Stored data
◆ ◆ ◆ ◆ ◆
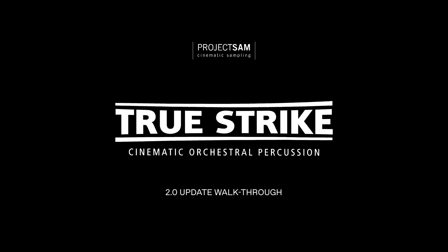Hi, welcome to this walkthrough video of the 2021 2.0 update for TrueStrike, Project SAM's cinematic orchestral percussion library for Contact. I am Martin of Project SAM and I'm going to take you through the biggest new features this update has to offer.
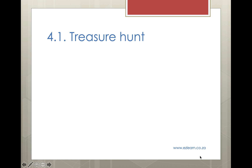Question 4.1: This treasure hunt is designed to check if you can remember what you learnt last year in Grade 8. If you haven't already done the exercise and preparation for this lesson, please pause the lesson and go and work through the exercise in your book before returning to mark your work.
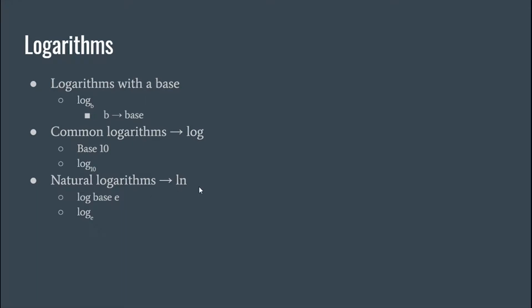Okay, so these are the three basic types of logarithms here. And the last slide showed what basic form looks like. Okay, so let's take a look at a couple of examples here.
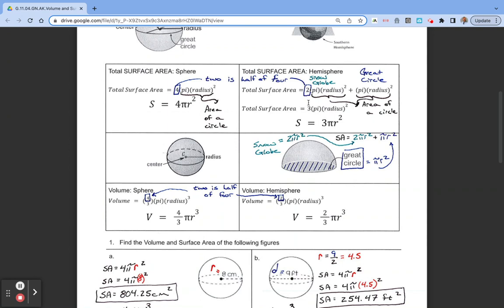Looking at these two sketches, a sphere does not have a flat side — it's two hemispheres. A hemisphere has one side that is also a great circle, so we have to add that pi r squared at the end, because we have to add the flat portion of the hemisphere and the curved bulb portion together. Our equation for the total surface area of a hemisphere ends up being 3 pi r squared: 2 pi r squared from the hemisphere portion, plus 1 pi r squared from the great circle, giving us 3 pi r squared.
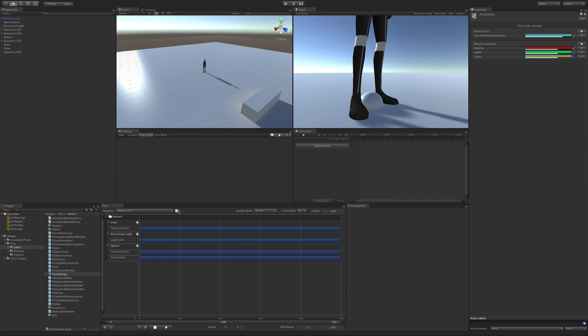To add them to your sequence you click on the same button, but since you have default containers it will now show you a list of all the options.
◆ ◆ ◆ ◆ ◆
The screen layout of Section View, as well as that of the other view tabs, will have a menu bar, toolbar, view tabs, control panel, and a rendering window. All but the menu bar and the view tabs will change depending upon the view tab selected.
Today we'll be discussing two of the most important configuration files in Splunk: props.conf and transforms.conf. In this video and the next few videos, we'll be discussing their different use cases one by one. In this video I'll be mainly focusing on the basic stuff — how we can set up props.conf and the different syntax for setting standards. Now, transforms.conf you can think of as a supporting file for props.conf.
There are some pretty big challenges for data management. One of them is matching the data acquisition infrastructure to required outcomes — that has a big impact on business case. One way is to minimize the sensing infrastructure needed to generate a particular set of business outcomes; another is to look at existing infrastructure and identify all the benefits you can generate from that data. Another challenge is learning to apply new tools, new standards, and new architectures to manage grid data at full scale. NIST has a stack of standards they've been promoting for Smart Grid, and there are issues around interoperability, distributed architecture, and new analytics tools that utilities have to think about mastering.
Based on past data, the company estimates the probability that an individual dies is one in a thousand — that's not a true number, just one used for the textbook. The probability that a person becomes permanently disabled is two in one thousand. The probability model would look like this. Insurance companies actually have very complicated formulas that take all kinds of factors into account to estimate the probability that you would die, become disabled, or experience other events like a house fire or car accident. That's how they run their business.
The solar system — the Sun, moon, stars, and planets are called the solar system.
◆ ◆ ◆ ◆ ◆
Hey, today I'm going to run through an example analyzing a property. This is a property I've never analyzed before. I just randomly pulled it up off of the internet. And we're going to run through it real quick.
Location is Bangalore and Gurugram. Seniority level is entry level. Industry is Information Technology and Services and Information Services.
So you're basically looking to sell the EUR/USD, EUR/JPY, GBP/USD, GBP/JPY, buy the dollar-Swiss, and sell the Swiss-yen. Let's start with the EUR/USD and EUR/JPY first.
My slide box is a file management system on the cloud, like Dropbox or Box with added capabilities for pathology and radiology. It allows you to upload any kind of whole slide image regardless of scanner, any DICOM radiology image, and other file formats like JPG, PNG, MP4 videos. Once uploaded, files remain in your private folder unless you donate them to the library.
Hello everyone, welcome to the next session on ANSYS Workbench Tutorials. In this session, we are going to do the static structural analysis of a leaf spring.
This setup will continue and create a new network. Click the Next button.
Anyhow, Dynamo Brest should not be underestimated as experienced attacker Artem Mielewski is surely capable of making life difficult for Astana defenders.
◆ ◆ ◆ ◆ ◆
» **Task prompt**
With the first line being the one containing "The screen layout" and the last line the one containing "There are some", transcribe exactly the lines above that fall in that range.

» **Your solution**
The screen layout of Section View, as well as that of the other view tabs, will have a menu bar, toolbar, view tabs, control panel, and a rendering window. All but the menu bar and the view tabs will change depending upon the view tab selected.
Today we'll be discussing two of the most important configuration files in Splunk: props.conf and transforms.conf. In this video and the next few videos, we'll be discussing their different use cases one by one. In this video I'll be mainly focusing on the basic stuff — how we can set up props.conf and the different syntax for setting standards. Now, transforms.conf you can think of as a supporting file for props.conf.
There are some pretty big challenges for data management. One of them is matching the data acquisition infrastructure to required outcomes — that has a big impact on business case. One way is to minimize the sensing infrastructure needed to generate a particular set of business outcomes; another is to look at existing infrastructure and identify all the benefits you can generate from that data. Another challenge is learning to apply new tools, new standards, and new architectures to manage grid data at full scale. NIST has a stack of standards they've been promoting for Smart Grid, and there are issues around interoperability, distributed architecture, and new analytics tools that utilities have to think about mastering.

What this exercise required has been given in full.